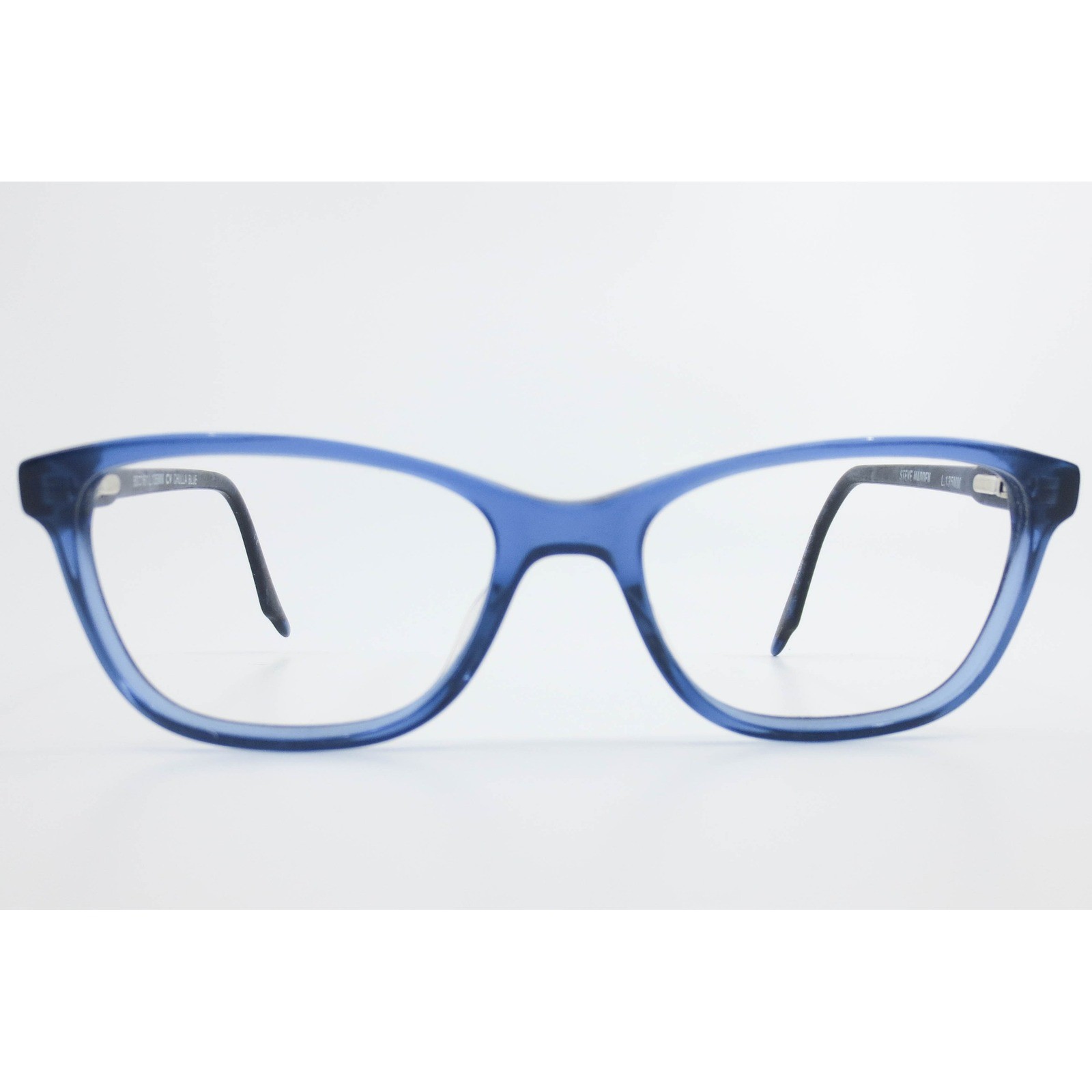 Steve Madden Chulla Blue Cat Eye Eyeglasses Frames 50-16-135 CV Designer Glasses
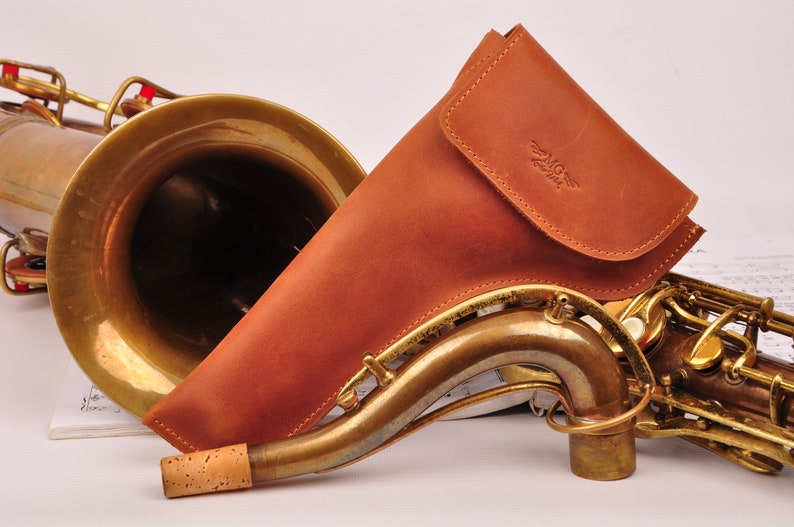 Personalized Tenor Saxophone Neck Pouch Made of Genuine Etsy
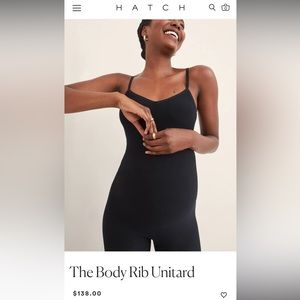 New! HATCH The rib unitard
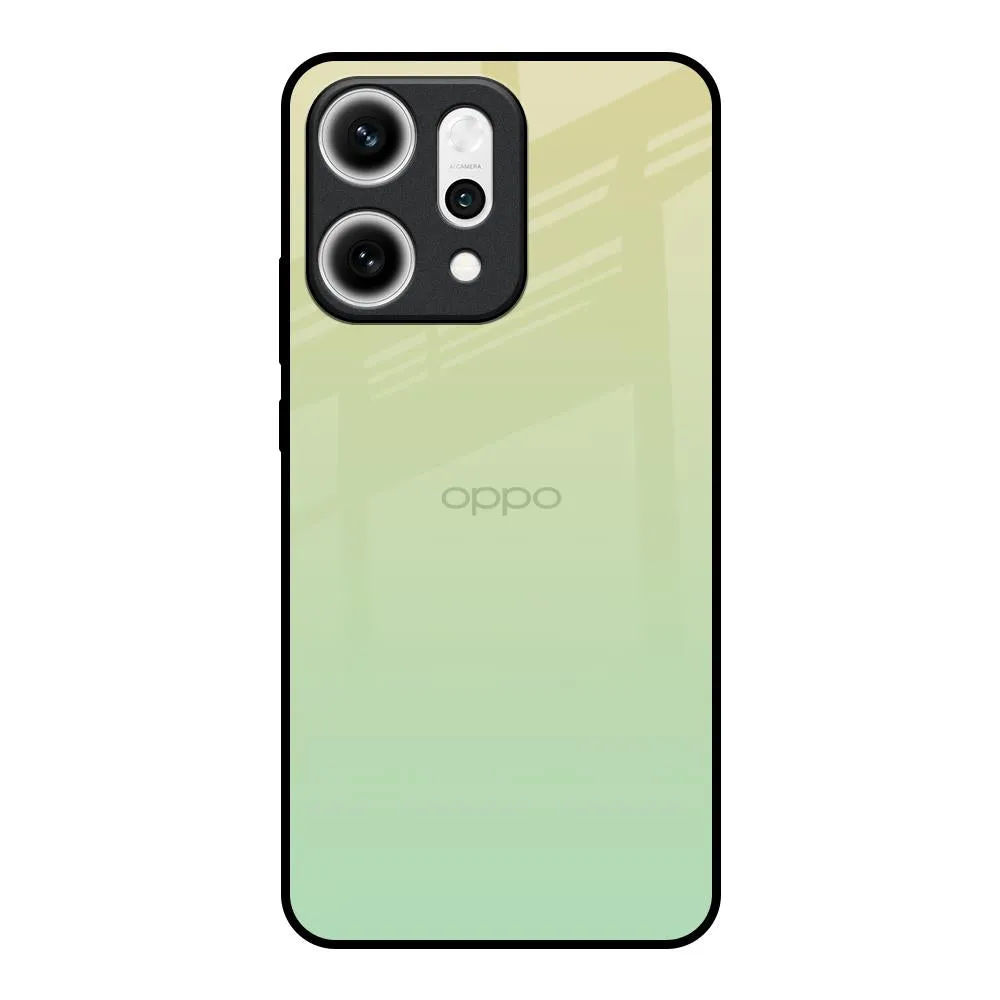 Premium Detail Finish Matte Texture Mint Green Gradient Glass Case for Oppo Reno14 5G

::::

#### WHAT THE TASK REQUIRES
The listing above must be printed again exactly, minus its pictures.

#### EXERCISE RESPONSE
 Steve Madden Chulla Blue Cat Eye Eyeglasses Frames 50-16-135 CV Designer Glasses
 Personalized Tenor Saxophone Neck Pouch Made of Genuine Etsy
 New! HATCH The rib unitard
 Premium Detail Finish Matte Texture Mint Green Gradient Glass Case for Oppo Reno14 5G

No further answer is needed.